NO.036 Discrete Algorithms Meet Machine Learning
August 10 - 13, 2013 (Check-in: August 9, 2013 )
- Hal Daumé III
- University of Maryland, USA
- Kevin Duh
- Nara Institute of Science & Technology, Japan
- Samir Khuller
- University of Maryland, USA
Structured prediction is the task of learning a function that maps inputs to structured outputs, and forms the heart of problems in natural language processing. Syntactic analysis, word alignment for machine translation, semantic understanding, action/goal recognition and translation itself are all examples of structured prediction tasks. In all these tasks, the goal at prediction time is to produce a combinatorial structure, typically by exploiting an off-the-shelf or hand-rolled combinatorial optimization algorithm. The fact that a combinatorial optimization algorithm consumes the output of a machine learning system in order to make predictions renders the learning problem difficult: one must reason about statements like “if I change my model in such a way, how will this affect the matching that the Hungarian algorithm (for weighted matchings) would return?”
Our goal is to solve such questions not only for specific problems such as graphs but also to develop a robust framework in the language of modern combinatorial algorithms by generalizing from spanning trees to matroids, or matchings to matroid intersections. All of these frameworks are polynomial-time for making predictions, and our goal is to construct similar polynomial-time learning procedures.
Although studying polynomial time solvable problems are useful for some specific natural language processing problems, we also wish to turn our attention to approximation algorithms for NP-complete prediction tasks (such as natural language generation or machine translation). So far, such problems have been the bane of structured prediction, requiring either the theoretically ungrounded use of approximate prediction within learning, or efficient but lower-quality search-based solutions with heavy pruning.
The key idea we wish to pursue is that NP-complete problems are characterized by efficient verification. We propose to push this further to efficient separation at learning time (which appears to work for all polynomial-time algorithms we have looked at thus far). If this is possible, then we can explicitly train models to give correct solutions, even when a polynomial time approximation algorithm is run at test time. Such a result has the potential to change how the natural language processing community thinks about learning in computationally hard problems.

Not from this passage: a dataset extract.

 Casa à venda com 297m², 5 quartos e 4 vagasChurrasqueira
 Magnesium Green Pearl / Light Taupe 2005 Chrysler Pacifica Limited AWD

From the algorithmic perspective, for decades, our basic assumption has been that the input data is sacrosanct and essentially all basic optimization algorithms make this assumption. The problems we envision solving, now question this basic assumption, since we have to modify the input data, while minimizing the norm of the perturbation, so as to satisfy certain properties. We hope this meeting will unite the large sub-community in natural language processing community that deals with combinatorial prediction problems with the algorithms community that studies them.